This page defines the product vocabulary for Fased work. The short rule: Channels do not own work. Channels are transport and delivery surfaces. Work is owned by Agents and Sessions. Saved Task definitions are the control surface; run history is audit data. For task policy and execution behavior, read Task Operating Layer. For the current release boundary, read Tasks v1 Freeze.

Core objects

ObjectOwnsDoes not own
AgentIdentity, workspace, model choices, skills, memory namespace, wallet policy, channel permissions, task permissions.Another Agent’s private memory or channel transport itself.
ChannelTelegram, Discord, Slack, WhatsApp, WebChat, or another transport connection.Tasks, model choice, private transcript state.
RouteMapping from channel/account/peer/thread to an Agent/session.Execution or transcript storage.
SessionConversation or task context under one Agent.Global channel setup or provider credentials.
TaskScheduled, manual, webhook, channel, or event-triggered work under one Agent/session.Channel ownership or domain authority.
Helper AgentTemporary worker session or another configured Agent asked to help with part of a task.Durable ownership of the parent Agent’s task.
Run historyAudit record for something that happened.Saved task definition or control ownership.

Agent

An Agent is the durable worker identity a user configures and trusts.

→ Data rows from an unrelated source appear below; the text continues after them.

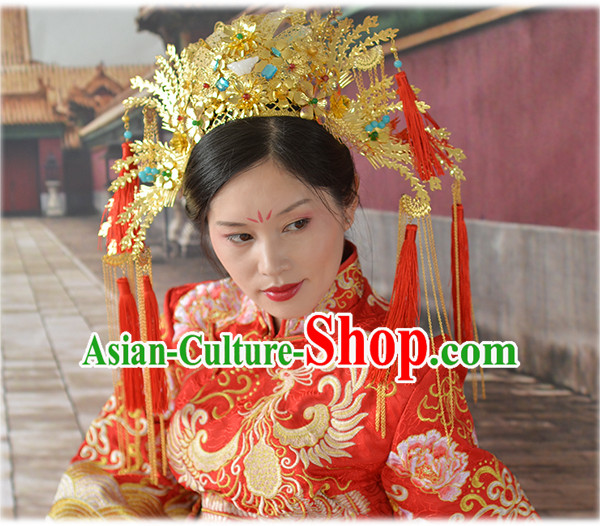 Chinese Qing Dynasty Xiuhe Suit Wedding Hair Accessories, Imperial Empress Handmade Phoenix Headpieces For Women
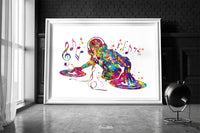 DJ Watercolor Print Headphone Music Art Wall Art Poster Room Decor Gift DJ Gift Teen Room Bedroom Party Musical Decor Art Music Studio-1817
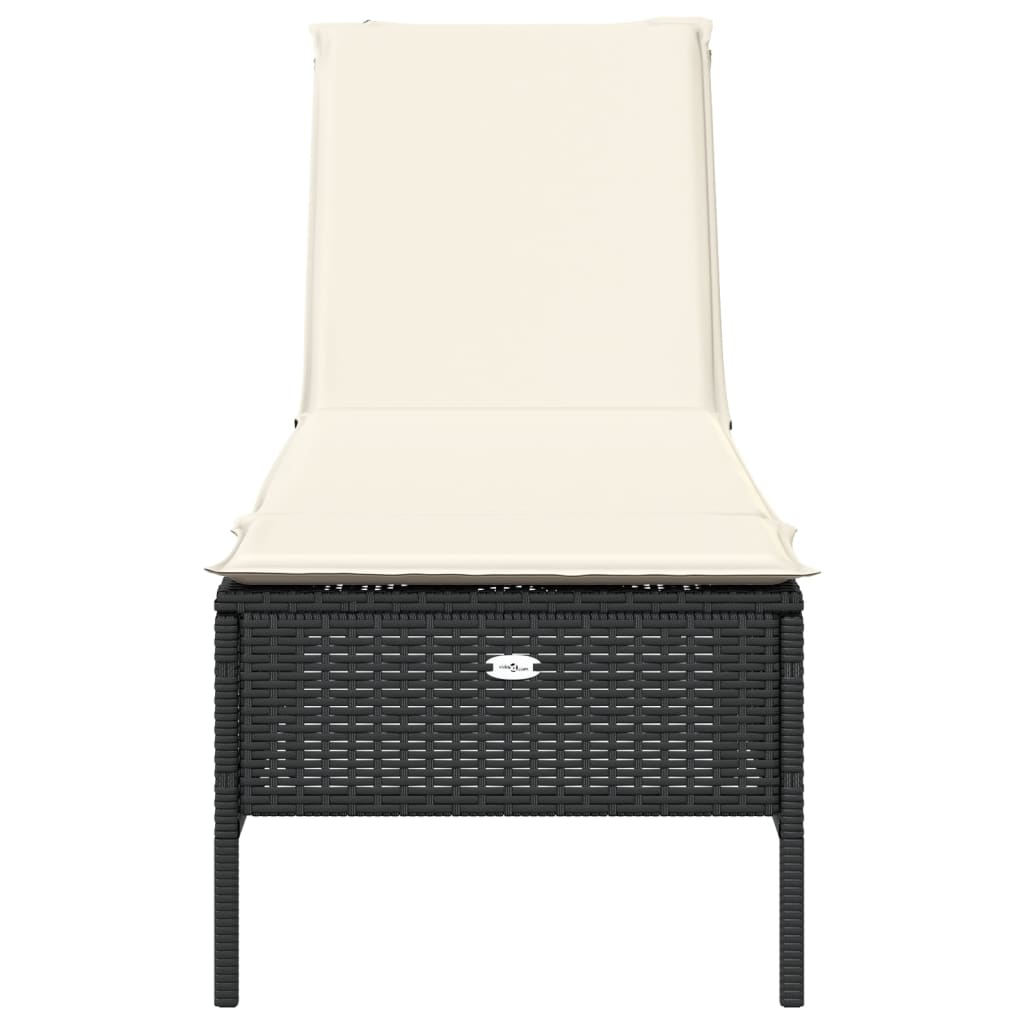 Bain de soleil avec coussin en polyrotin noir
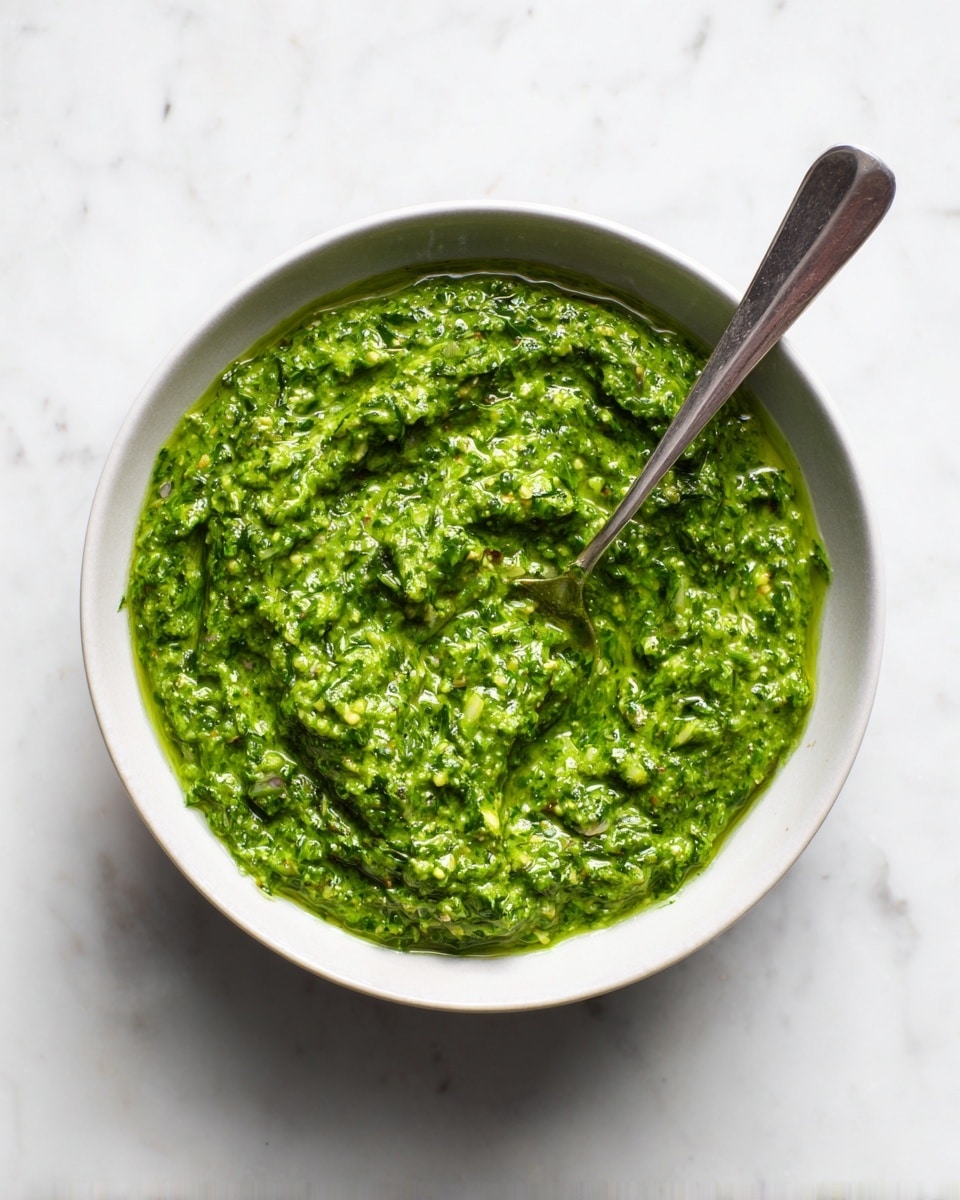A white bowl filled with a thick, chunky green sauce that has a rough texture and small bits of herbs throughout. The green mixture looks fresh and vibrant, piled slightly in the middle with uneven swirls. A shiny metal spoon rests inside the bowl, its handle extending out towards the top right corner. The bowl sits on a white marbled surface that adds a clean, bright background. photo taken with an iphone --ar 4:5 --v 7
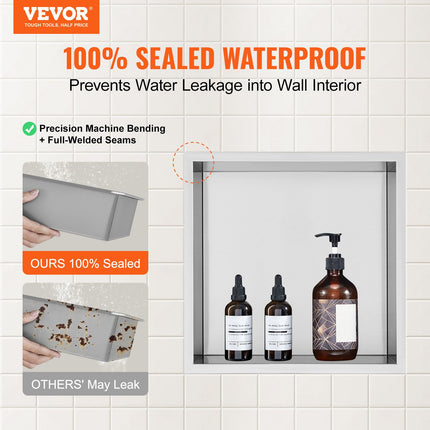 33.02 x 33.02 cm No Tile Shower Niche 304 Stainless Steel, Wall-Inserted Niche Recessed Double Shelves, Sealed Waterproof Rust-Resistant Modern Niche for Shower Bathroom Soap Storage, Silver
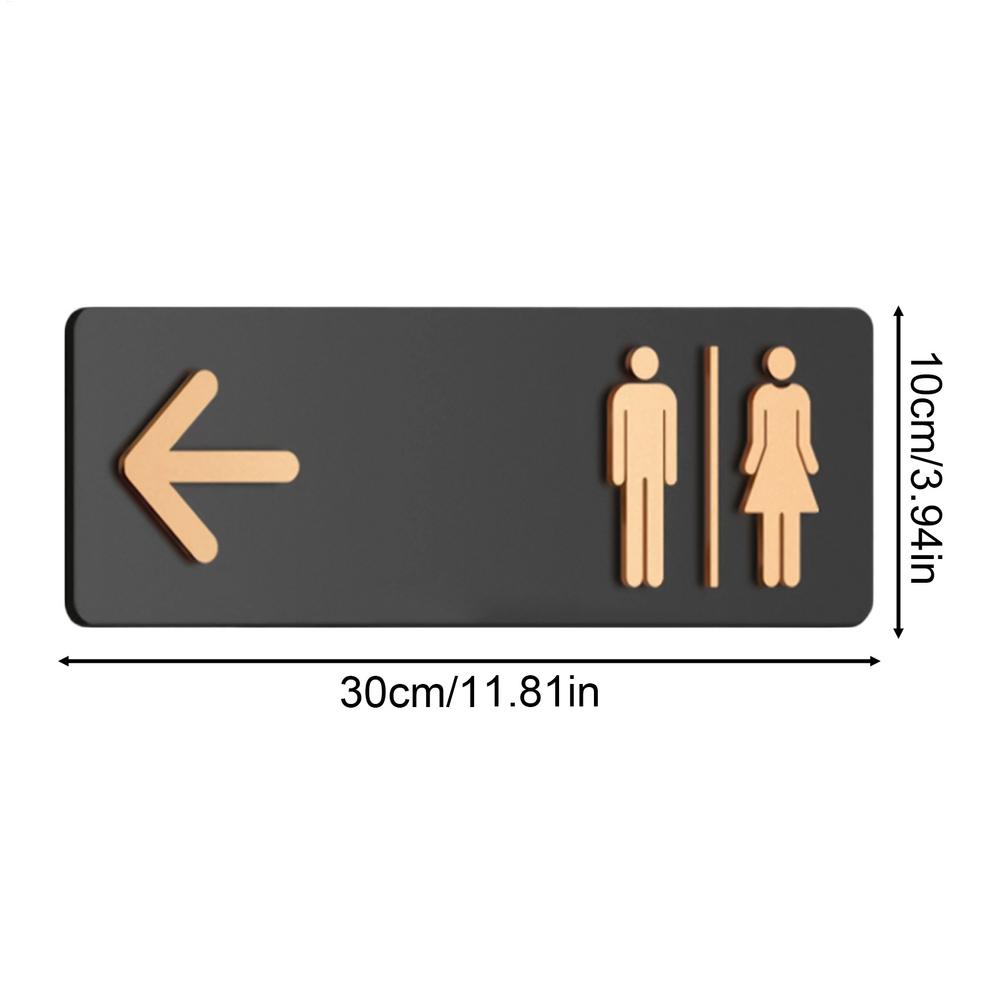 Restroom Sign Acrylic Toilet Directional Sign Adhesive Toilet Signage for Business Home Office Restaurant Laundry Shopping Mall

An Agent can have:
  • workspace files
  • model choices and task model roles
  • provider auth profiles
  • skills, services, tools, and memory
  • wallet policy and approvals
  • channel route permissions
  • task definitions and sessions
Multiple Agents can run in one gateway. They should not silently share auth, memory, sessions, or wallet policy unless the user configures that behavior. Provider catalog data can be shared, but usable credentials resolve through the selected Agent’s auth profile path and fallback rules.

Channel and route

A Channel is a transport/account connection. Examples:
Telegram bot account
Discord bot account
Slack app
WebChat local UI
WhatsApp account
A Route decides which Agent receives an inbound message:
Telegram account A + peer 123 -> Research Agent
Discord #support -> Support Agent
WebChat local session -> Assistant
If a route has no explicit Agent binding, runtime may fall back to the default Agent. UI should show that as fallback behavior, not as a real assignment.

Session

A Session is the working context under one Agent. Session history, token counts, model overrides, delivery hints, and transcript metadata live with the session. Channel messages and WebChat messages are both inputs into a session. Current behavior:
  • WebChat can create named local sessions.
  • Channel sessions are created from transport shape: DM peer, group, thread, topic, or configured scope.
  • /new and /reset start a fresh session id under the same session key.
  • Channel chats can create and switch named sessions with /session new, /session list, and /session switch.
  • WebChat and channel sessions can create scheduled tasks attached to the active Agent/session.

Task

A Task is saved or event-triggered work attached to an Agent and Session. A Task stores:
  • owning Agent
  • owning Session/session key
  • trigger or schedule
  • prompt or event payload
  • execution policy
  • optional delivery target
Delivery does not change ownership. Correct model:
Research Agent -> Service watch session -> hourly task -> deliver to Telegram peer
Incorrect model:
Telegram owns the hourly task
UI implications:
  • Agent > Tasks creates and manages saved definitions for the selected Agent: Tasks, Triggers, Workflows, Graphs, Programs, and Templates.
  • Agent > Sessions shows sessions and task contexts for that Agent.
  • Agent > Channels assigns routes and delivery permissions; it does not own tasks.
  • Chat and channel commands can create tasks, but the created task is still owned by the active Agent/session.
  • Domain pages remain control owners. Wallets approves/signs, Marketplace owns order review, Mining owns start/stop and cycle controls, Channels owns routing, and Services owns service setup.
  • Wallet, Marketplace, and Mining records may appear in run history, but they are not saved Task definitions.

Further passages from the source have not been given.